Pour la première fois depuis 1873, l’édition 2026 du Carnaval de Nice met les femmes au premier plan, avec pour thème « Vive la Reine ! »
Élevant ses dimensions à plus de six étages, la royauté régnante de cette année est la Reine Gaïa, présidant sur les festivités aussi bien pour les jeunes que pour les cœurs d’enfant. Avec une idée originale de l’artiste Gérard Artufel et conçue et façonnée par Concept Evenementiel, la Reine Gaïa est la Mère- Terre personnifiée d’où jaillit toute vie.
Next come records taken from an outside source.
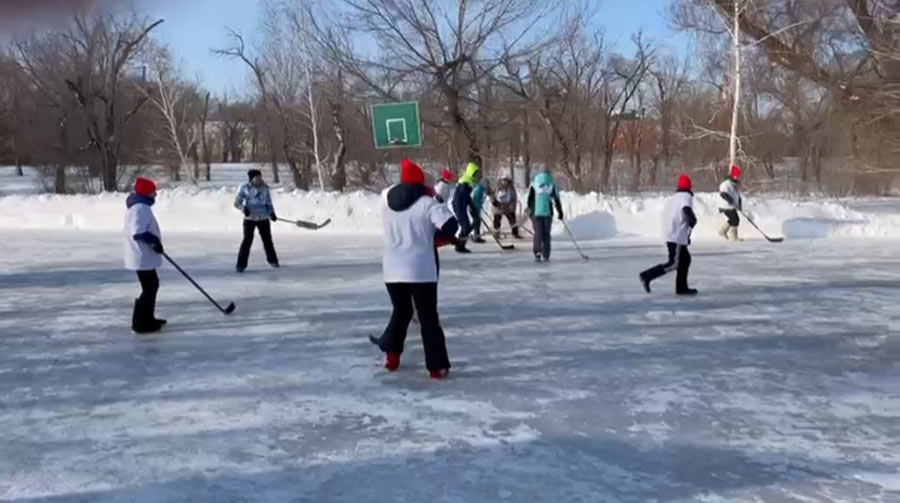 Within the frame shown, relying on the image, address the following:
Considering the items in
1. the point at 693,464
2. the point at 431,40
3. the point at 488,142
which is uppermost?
the point at 431,40

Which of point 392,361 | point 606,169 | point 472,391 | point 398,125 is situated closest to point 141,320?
point 392,361

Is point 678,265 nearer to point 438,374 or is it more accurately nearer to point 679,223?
point 679,223

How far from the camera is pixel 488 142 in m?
27.4

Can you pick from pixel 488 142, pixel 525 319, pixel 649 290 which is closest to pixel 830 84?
pixel 488 142

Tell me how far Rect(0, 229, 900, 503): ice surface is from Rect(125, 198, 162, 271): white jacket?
629 millimetres

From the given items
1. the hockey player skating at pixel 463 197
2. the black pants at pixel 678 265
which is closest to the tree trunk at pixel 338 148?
the hockey player skating at pixel 463 197

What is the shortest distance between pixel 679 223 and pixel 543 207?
3203mm

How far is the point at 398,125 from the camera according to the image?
744 inches

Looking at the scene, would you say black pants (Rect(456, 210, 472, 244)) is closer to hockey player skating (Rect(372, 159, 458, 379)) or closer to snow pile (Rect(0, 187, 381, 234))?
snow pile (Rect(0, 187, 381, 234))

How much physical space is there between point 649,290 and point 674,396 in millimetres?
4116

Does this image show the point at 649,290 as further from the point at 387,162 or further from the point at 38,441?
the point at 387,162

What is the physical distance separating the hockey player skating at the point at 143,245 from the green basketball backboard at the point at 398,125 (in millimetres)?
11648

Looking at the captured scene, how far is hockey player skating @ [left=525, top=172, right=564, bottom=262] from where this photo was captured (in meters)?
11.5

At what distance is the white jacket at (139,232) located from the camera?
6.92m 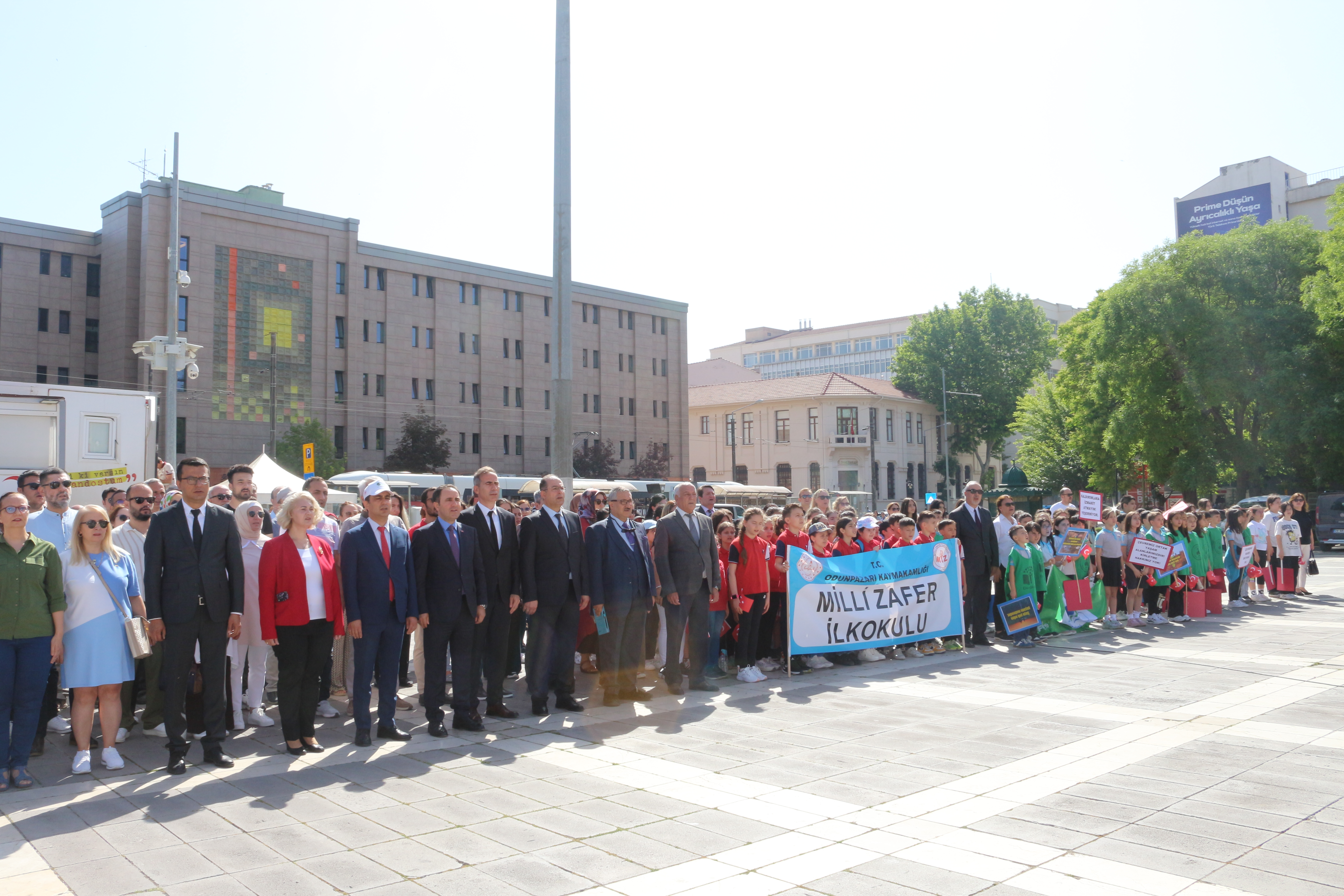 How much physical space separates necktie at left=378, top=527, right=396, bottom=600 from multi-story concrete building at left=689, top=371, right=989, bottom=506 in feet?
204

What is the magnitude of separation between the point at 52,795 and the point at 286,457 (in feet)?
151

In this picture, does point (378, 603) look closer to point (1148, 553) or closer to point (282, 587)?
point (282, 587)

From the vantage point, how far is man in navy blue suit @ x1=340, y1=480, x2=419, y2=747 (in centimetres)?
745

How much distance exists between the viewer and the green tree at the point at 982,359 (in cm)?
7744

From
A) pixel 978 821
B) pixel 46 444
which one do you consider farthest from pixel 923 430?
pixel 978 821

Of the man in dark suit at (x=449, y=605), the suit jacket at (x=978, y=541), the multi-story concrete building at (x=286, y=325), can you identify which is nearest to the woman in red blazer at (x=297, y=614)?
the man in dark suit at (x=449, y=605)

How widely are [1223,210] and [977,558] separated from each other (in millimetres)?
78703

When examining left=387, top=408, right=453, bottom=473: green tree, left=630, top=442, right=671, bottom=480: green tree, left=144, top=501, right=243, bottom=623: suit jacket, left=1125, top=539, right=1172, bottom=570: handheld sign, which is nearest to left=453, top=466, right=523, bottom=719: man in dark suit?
left=144, top=501, right=243, bottom=623: suit jacket

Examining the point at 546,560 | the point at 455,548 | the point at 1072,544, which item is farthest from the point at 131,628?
the point at 1072,544

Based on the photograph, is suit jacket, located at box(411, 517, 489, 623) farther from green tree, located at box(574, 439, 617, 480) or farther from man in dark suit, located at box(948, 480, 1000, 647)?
green tree, located at box(574, 439, 617, 480)

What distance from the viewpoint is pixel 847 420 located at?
242ft

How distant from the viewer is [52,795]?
612 cm

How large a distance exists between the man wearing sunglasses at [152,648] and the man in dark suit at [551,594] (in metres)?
3.02

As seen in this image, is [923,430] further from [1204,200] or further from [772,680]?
[772,680] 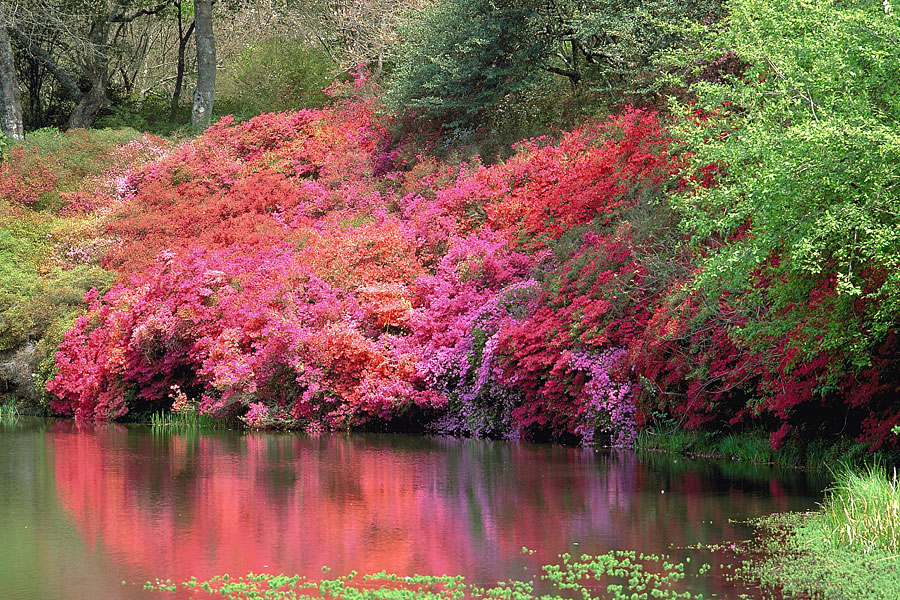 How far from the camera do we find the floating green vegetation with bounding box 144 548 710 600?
21.1 ft

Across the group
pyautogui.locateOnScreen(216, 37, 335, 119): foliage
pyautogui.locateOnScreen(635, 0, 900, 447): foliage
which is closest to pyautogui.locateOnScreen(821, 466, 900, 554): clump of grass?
pyautogui.locateOnScreen(635, 0, 900, 447): foliage

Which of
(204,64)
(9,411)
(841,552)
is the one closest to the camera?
(841,552)

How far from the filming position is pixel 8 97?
31.4 metres

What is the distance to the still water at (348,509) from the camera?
7387 millimetres

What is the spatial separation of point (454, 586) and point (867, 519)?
3219 millimetres

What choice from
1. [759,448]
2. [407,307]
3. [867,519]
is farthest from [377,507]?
[407,307]

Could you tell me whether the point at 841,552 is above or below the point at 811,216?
below

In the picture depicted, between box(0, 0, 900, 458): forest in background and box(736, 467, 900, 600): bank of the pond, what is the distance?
6.03 feet

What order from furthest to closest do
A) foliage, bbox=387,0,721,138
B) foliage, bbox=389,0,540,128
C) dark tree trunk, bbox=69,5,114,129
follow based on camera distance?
1. dark tree trunk, bbox=69,5,114,129
2. foliage, bbox=389,0,540,128
3. foliage, bbox=387,0,721,138

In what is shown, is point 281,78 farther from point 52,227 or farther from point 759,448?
point 759,448

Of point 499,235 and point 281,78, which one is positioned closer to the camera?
point 499,235

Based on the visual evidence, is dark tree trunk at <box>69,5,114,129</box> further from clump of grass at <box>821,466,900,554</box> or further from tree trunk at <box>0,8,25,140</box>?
clump of grass at <box>821,466,900,554</box>

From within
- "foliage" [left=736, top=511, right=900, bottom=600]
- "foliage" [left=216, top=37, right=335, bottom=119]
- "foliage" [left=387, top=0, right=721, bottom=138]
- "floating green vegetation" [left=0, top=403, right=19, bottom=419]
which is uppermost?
"foliage" [left=216, top=37, right=335, bottom=119]

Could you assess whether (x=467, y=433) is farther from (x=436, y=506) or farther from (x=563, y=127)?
(x=563, y=127) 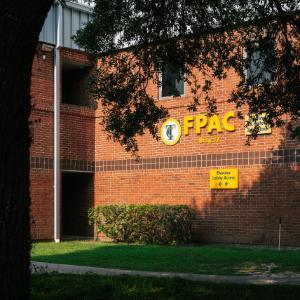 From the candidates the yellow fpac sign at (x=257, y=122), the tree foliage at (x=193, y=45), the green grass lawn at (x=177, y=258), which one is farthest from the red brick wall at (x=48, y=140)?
the tree foliage at (x=193, y=45)

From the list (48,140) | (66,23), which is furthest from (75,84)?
(48,140)

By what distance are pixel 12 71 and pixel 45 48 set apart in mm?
16537

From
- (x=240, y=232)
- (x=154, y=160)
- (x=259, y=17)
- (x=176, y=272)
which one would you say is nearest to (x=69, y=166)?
(x=154, y=160)

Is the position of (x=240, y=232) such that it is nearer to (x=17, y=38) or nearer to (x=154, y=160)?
(x=154, y=160)

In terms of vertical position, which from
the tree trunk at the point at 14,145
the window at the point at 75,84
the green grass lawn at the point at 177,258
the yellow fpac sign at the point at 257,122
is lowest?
the green grass lawn at the point at 177,258

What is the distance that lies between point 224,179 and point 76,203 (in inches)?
276

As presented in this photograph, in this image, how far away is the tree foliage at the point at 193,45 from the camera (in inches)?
426

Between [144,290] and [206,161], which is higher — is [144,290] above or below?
below

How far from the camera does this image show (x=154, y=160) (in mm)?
20781

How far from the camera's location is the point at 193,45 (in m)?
11.4

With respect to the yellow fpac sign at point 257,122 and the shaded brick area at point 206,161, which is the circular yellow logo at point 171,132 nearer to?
the shaded brick area at point 206,161

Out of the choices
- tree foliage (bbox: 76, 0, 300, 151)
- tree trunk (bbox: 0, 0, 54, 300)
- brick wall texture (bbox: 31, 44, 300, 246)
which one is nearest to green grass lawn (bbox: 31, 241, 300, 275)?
brick wall texture (bbox: 31, 44, 300, 246)

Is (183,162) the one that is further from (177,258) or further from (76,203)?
(177,258)

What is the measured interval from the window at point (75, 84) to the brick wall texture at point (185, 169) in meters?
0.73
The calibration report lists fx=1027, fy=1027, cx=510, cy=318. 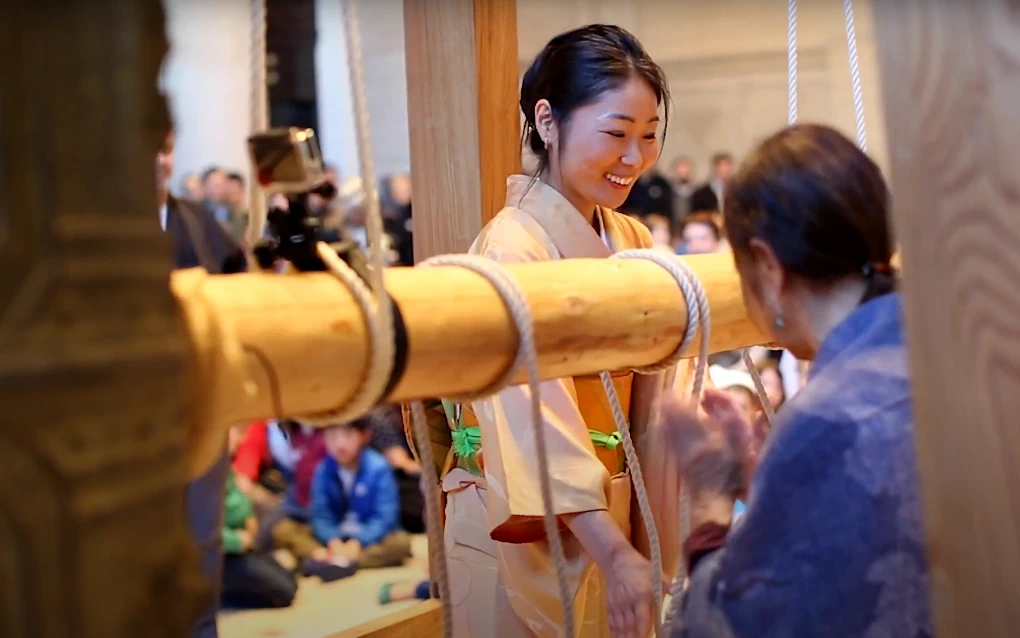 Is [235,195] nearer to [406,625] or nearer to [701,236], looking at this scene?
[701,236]

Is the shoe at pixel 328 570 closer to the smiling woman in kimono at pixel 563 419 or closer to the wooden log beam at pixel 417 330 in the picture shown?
the smiling woman in kimono at pixel 563 419

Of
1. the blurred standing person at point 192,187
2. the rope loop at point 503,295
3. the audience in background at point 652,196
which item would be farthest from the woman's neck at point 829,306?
the audience in background at point 652,196

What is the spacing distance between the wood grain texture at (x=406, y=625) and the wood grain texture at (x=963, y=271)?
100cm

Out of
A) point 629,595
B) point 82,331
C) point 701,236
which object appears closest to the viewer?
point 82,331

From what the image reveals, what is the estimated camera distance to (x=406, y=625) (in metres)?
1.41

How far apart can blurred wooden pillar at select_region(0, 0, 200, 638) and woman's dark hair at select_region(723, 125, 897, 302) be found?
431mm

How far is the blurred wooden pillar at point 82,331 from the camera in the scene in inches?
13.8

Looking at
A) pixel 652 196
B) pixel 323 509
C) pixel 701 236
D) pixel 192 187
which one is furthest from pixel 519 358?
pixel 652 196

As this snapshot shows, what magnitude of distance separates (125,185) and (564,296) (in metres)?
0.35

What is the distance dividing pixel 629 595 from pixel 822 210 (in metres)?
0.40

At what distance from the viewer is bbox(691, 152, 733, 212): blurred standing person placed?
155 inches

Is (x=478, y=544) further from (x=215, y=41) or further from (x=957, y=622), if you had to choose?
(x=215, y=41)

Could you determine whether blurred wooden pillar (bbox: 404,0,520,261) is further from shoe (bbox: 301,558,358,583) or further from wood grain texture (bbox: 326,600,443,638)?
shoe (bbox: 301,558,358,583)

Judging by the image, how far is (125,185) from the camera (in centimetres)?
38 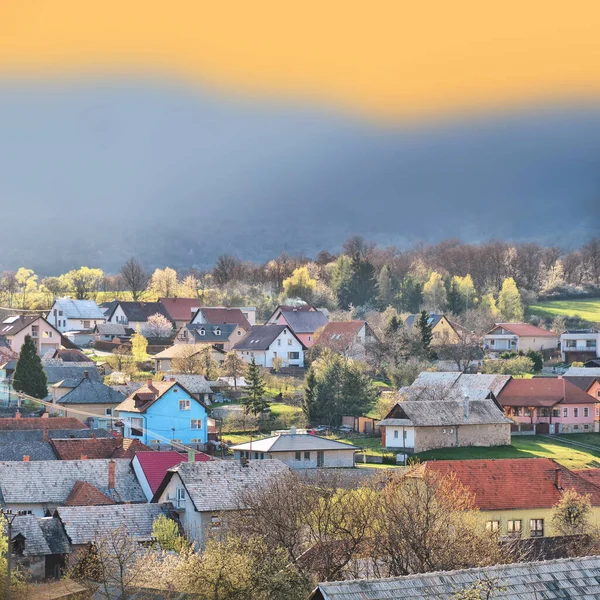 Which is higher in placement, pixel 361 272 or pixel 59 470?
pixel 361 272

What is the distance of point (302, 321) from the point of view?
121 meters

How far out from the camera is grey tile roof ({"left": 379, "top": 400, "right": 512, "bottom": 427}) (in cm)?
7138

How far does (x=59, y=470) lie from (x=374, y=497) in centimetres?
1663

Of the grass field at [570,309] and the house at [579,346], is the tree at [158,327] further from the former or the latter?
the grass field at [570,309]

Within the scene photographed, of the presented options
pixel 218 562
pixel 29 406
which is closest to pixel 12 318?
pixel 29 406

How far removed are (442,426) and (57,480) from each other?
27404mm

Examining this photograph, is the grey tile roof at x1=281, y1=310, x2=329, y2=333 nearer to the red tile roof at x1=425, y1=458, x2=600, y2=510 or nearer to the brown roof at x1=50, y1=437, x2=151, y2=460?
the brown roof at x1=50, y1=437, x2=151, y2=460

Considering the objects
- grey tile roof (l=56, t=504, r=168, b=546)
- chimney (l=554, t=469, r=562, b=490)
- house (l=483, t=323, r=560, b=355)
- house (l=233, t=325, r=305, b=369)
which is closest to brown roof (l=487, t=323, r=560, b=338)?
house (l=483, t=323, r=560, b=355)

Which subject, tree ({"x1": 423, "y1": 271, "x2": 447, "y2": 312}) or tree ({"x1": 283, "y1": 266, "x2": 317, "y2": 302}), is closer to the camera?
tree ({"x1": 423, "y1": 271, "x2": 447, "y2": 312})

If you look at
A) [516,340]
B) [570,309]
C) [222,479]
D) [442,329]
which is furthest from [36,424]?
[570,309]

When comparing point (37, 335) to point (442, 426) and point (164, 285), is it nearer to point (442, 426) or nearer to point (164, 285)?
point (442, 426)

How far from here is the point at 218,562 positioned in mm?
29406

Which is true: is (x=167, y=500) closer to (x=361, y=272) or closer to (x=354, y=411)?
(x=354, y=411)

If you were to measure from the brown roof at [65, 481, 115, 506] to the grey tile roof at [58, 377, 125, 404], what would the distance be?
88.9ft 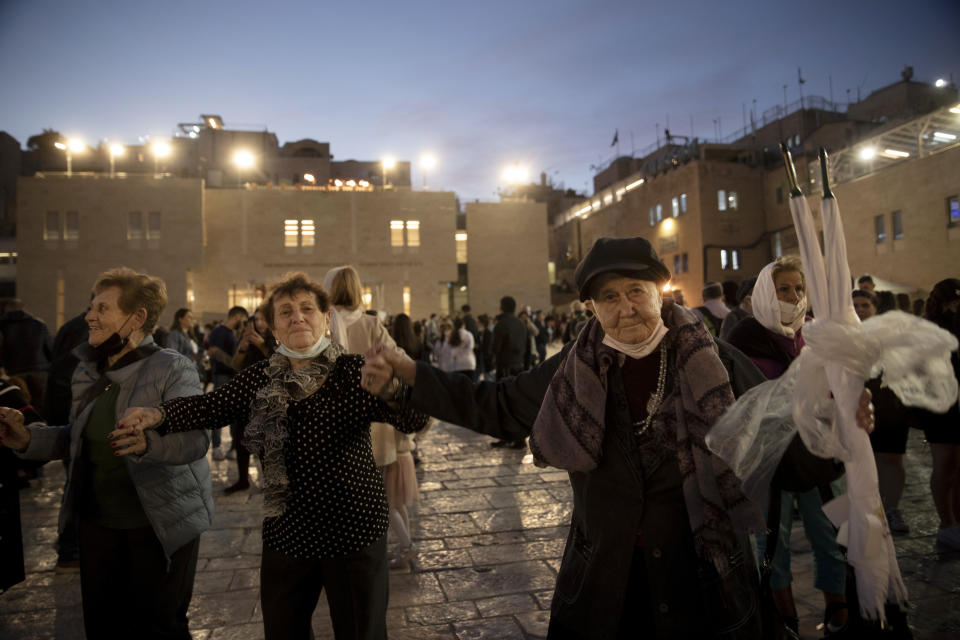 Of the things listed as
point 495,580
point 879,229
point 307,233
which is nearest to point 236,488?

Les paumes tendues, l’une tenant un prince grenouille et, équilibrant la Terre de l’autre main, la pièce centrale de cette année est une tour confiante d’égalité, d’amour, de compassion et de gouvernance juste qui a tracé le chemin pour que d’autres femmes puissent marquer leur propre empreinte dans notre histoire contemporaine.
La Grand Charivari de Richelmi
Les festivités ont débuté par La Grand Charivari de Richelmi, organisée le 11 février devant La Maison de Carnaval, où la communauté a été invitée à danser dans les rues, à profiter des canons à confettis et à découvrir un aperçu des chars qui attendent leur apparition officielle sur le devant de la scène.
Aux côtés de la Reine Gaïa, cette année se tiennent des femmes tout aussi fortes et puissantes, allant de figures internationales comme l’activiste noire américaine Rosa Parks, la peintre mexicaine Frida Kahlo et la musicienne américaine Beyoncé, jusqu’à des héroïnes locales françaises comme Joséphine Baker, inhumée au Panthéon à Paris en 2021, devenant la première femme noire à recevoir une telle distinction.
Le thème de cette année a suscité spontanément des messages politiques d’autonomisation, présentés dans l’un des chars où les personnages principaux du film Thelma et Louise (du film éponyme de 1991) sont désormais trente ans plus âgés mais, cette fois, prennent les commandes loin des dirigeants masculins de Hollywood et lancent une déclaration #MeToo avec un panneau.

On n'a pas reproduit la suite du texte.